Years ago, the make-up of the class was mostly Anglo and Christian. In the last few years, I have seen all the world religions here. Over there is a woman in a sari. In the front row sits a veiled Muslim woman. Over there a Hopi Native American. And over here sits a grey-bearded Orthodox Jew.
Philosophy 10: World Religions. A three-hour lecture on seventeen Thursday nights. I begin the class with this invitation/advisory/caveat: “The subject we will be studying together is the most important subject you will explore in college and it will change your life. You and I will be different persons seventeen weeks from now.”
I wonder if they believe me?
I push on. For some of you our work will involve a significant personal challenge. For those of you who come from a religious tradition in which you see your beliefs as the true religion, explorations of other religions may cause you apprehension. Will this study weaken my faith? Will reading about these ‘pagan’ religions expose me to temptation and dilution of my commitment to my God?
Those of you who are agnostic, atheist or reactive to religion and spirituality have another challenge. You may have had a negative personal experience with religion or believe that religion is for neurotic people. This may blind and inhibit you from seeing the treasure and gifts in the various spiritualities we will study.
I push on further. I tell students that I have been a philosophy professor at Saddleback Community College since 1973 and a full time parish priest in Orange County since 1970. That last part, the ‘priest part,’ will push buttons. Some students will withdraw from the class at the first break. They don’t believe that the teacher-priest combination will provide an objective learning experience. I counter by reminding my students that as a state licensed instructor I am not permitted to proselytize my religion. However, I can teach the subject with a deep passion, which I do.
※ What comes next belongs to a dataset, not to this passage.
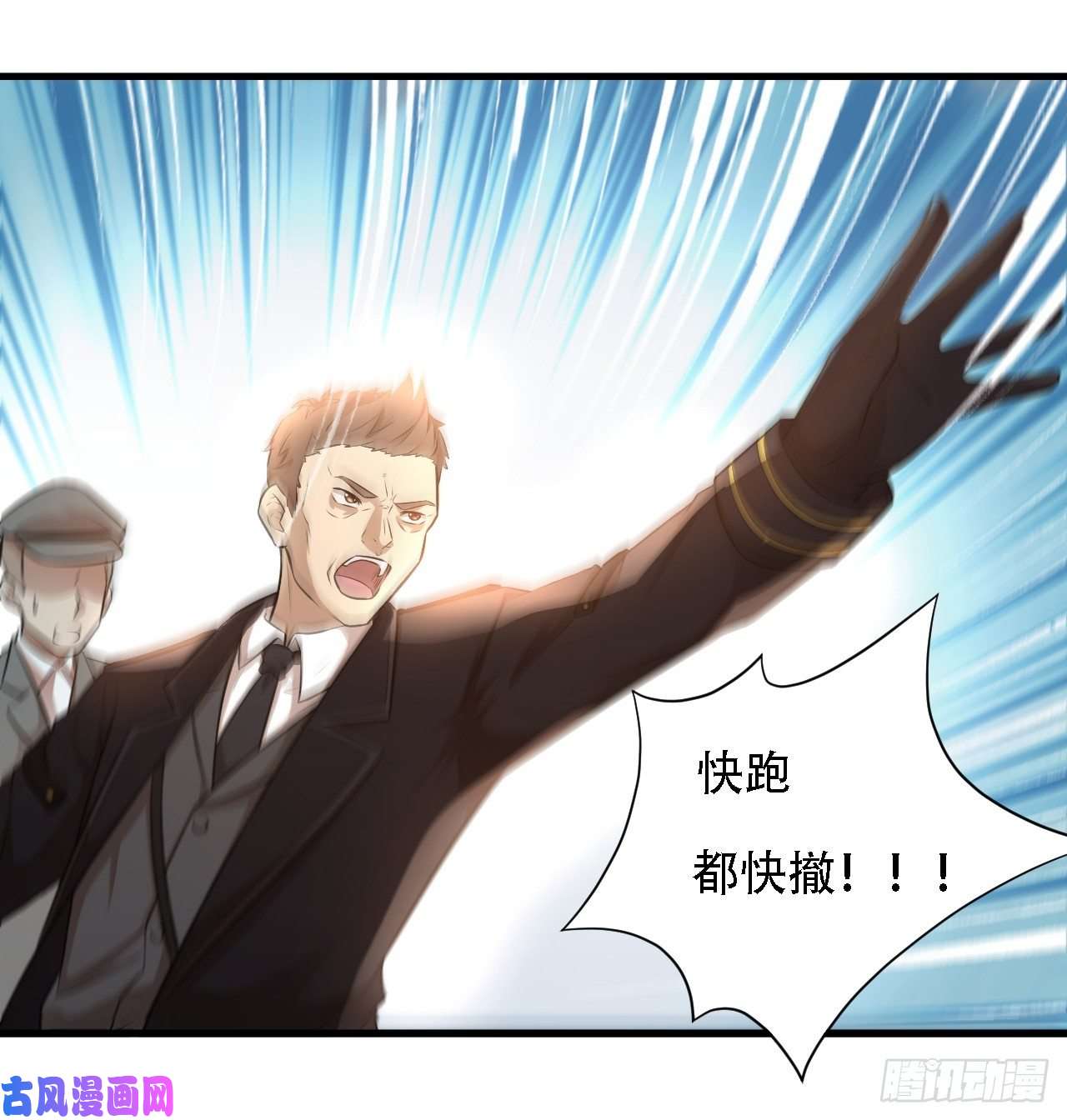 高能来袭009这口锅有点重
I begin by surveying Diana Eck’s distinction1 between three perspectives from which to relate to followers from a different tradition. The exclusivist says my religion is the one and only revealed truth. I may study other religions as a subject, but my religion is the one true path. The inclusivist says, my religion is one among many. The pluralist says, there are many voices that speak truly. In the interests of creating a climate of mutuality and understanding, Professor Eck focuses on the latter.
- Pluralism is not the sheer fact of diversity but the active engagement among us. We can observe and celebrate diversity; pluralism calls us to be involved with each other.
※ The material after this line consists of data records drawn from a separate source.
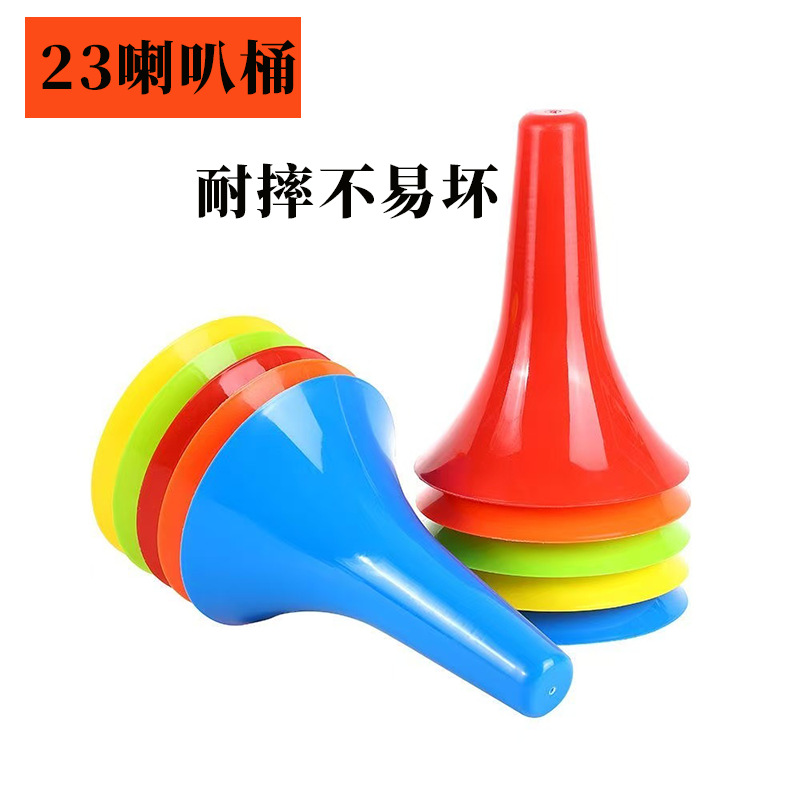 Basketball Ball Control Obstacle Horn Bucket Custom Logo Bucket Kidsren's Equipment Ice Cream Cone Cone Bucket Training Aid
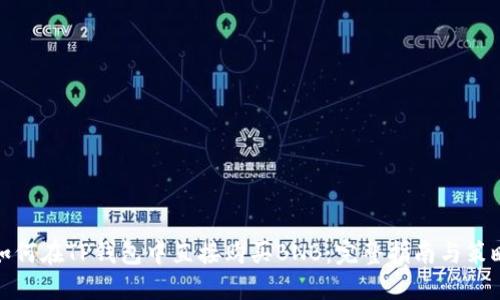 如何在TP钱包中直接购买BNB:完整指南与策略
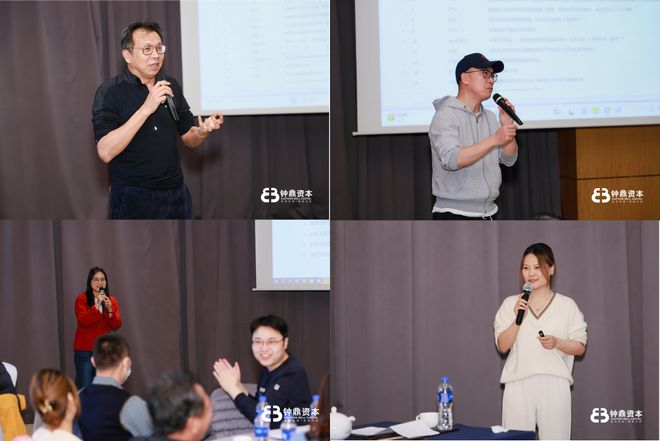 鼎的“资产负债表”j9九游会登录钟(图2)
- Pluralism is more than tolerance because it seeks for understanding. If as a Christian I simply tolerate my Muslim neighbor, I am not required to understand her, to seek out what she has to say, her hopes and dreams, to hear what it means when the words, “In the name of Allah, the Merciful, the Compassionate” are whispered into the ear of her newborn child. Mere tolerance keeps us ignorant of one another.
- Pluralism is not a simple relativism because it assumes a real commitment from us. Relativism assumes a stance of openness towards others; pluralism assumes both openness to each other and a commitment to promoting healthy relationships.
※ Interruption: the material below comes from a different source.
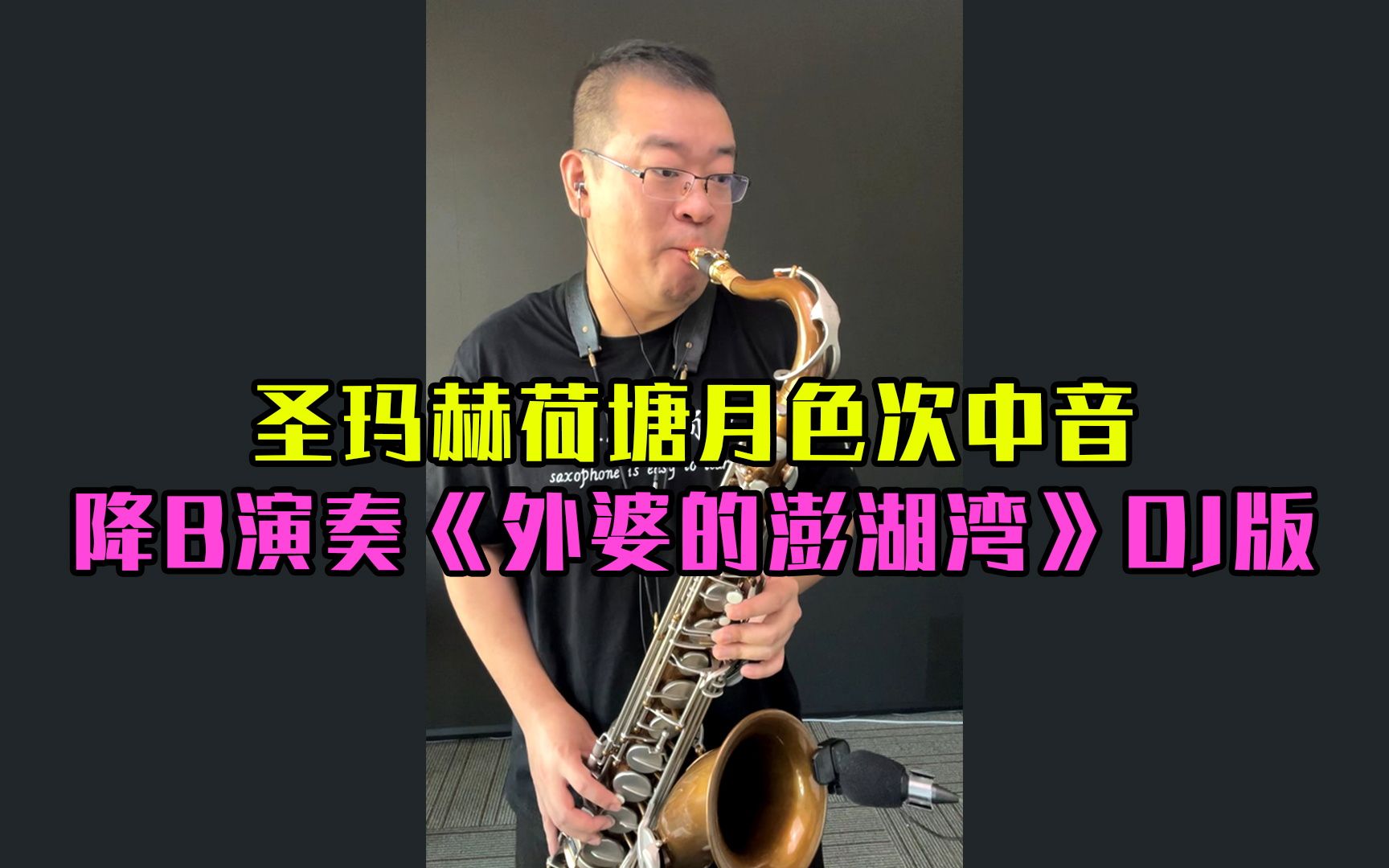 [图]【萨克斯】萨克斯演奏DJ版《外婆的澎湖湾》活泼动感的节奏，使人心生澎湃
- Pluralism is based on a respect for differences but is not ‘syncretism.’ Syncretism is the creation of a new religion by fusing the elements of different traditions. A pluralistic culture will not flatten out differences but celebrate them. The aim of pluralism is not to make us all alike but rather to find a way to be distinctively ourselves and yet to be in a healthy relationship with one another.
- Pluralism is based on interreligious dialogue. The language of dialogue is the two-way language of real encounter. “Mutual transformation” is the way in which dialogue goes beyond mutual understanding to a new level of mutual self-understanding.
I remind my students that within their family or life circles there is a least one person who is from a different religion than the student’s. I help students understand basic beliefs, vocabulary, similarities, and differences among the world religions. These will be tools to help them in this work of “mutual transformation.”
A former U.S. Marine in the class had been in Lebanese barracks that were destroyed and friends killed. He wanted to know more about Islam and chose to make an oral report on “Why Americans are Afraid of Muslims.” Another student chose the same subject for the report, so I let them do it together. She was a Shia Muslim. They started out strangers, did the report, and were married two years later.
Pluralism means I come from the integrity of my deeply held spiritual beliefs and values and I enter into dialogue with the Other. This should not be a debate or argument. If you begin mentally with the goal of changing the Other, the process will be stunted. But if you are open to listening and have the courage to express what you believe, you and the Other will be transformed. It was that way 40 years ago. And in the amazing rainbow of diversity we live in now, the riches available to students in my class today are a rare and precious gift.
1 Encountering God: A Spiritual Journey from Bozeman to Banaras.